Write out the entries below exactly, but only from the line containing "GreenWorks 82PH20T 82V" through the line containing "Used 2024 Honda CR-V Sport-L image 7", and without the pictures.

### Records
⁂
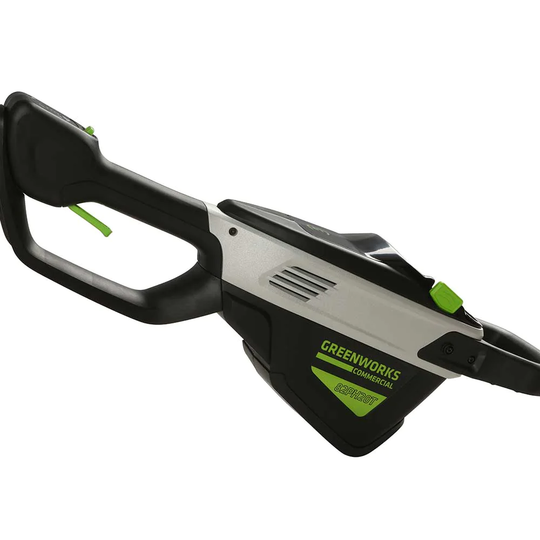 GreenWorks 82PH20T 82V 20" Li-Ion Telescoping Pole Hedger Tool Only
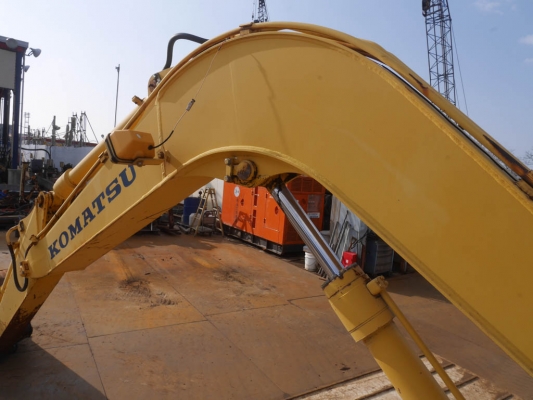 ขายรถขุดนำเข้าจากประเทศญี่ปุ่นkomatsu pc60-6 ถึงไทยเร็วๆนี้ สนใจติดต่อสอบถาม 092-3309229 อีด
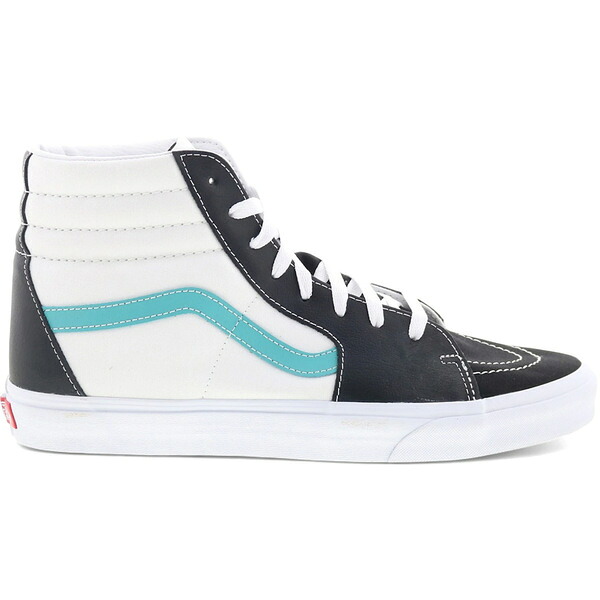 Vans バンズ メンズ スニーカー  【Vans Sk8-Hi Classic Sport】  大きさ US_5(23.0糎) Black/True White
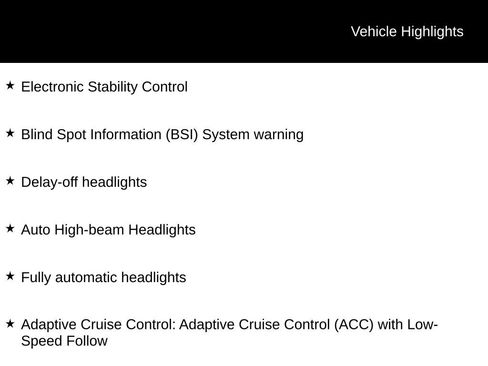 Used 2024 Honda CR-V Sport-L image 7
⁂
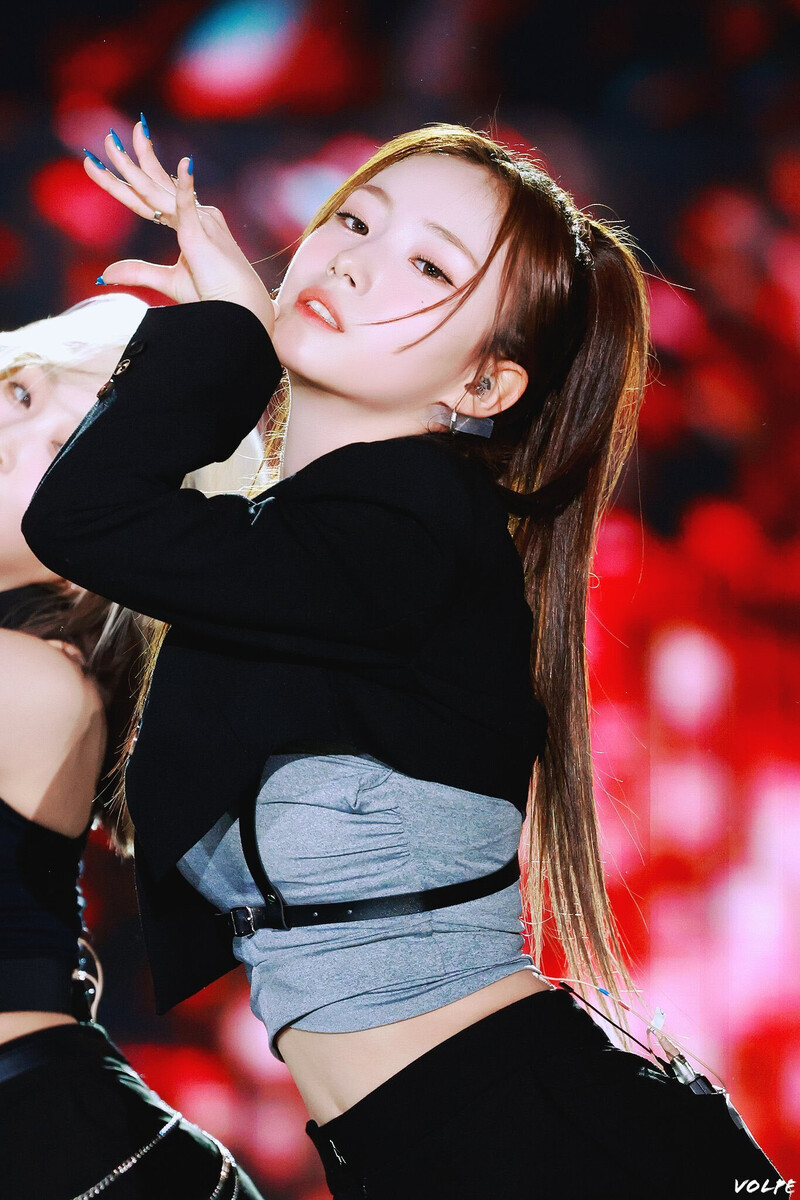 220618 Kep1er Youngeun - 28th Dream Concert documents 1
⁂
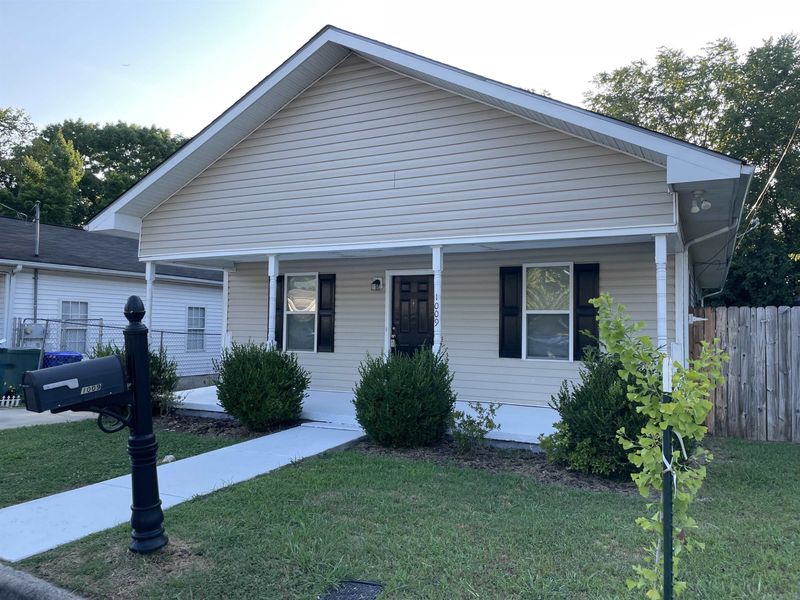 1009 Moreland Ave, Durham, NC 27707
⁂
### Answer box
 GreenWorks 82PH20T 82V 20" Li-Ion Telescoping Pole Hedger Tool Only
 ขายรถขุดนำเข้าจากประเทศญี่ปุ่นkomatsu pc60-6 ถึงไทยเร็วๆนี้ สนใจติดต่อสอบถาม 092-3309229 อีด
 Vans バンズ メンズ スニーカー  【Vans Sk8-Hi Classic Sport】  大きさ US_5(23.0糎) Black/True White
 Used 2024 Honda CR-V Sport-L image 7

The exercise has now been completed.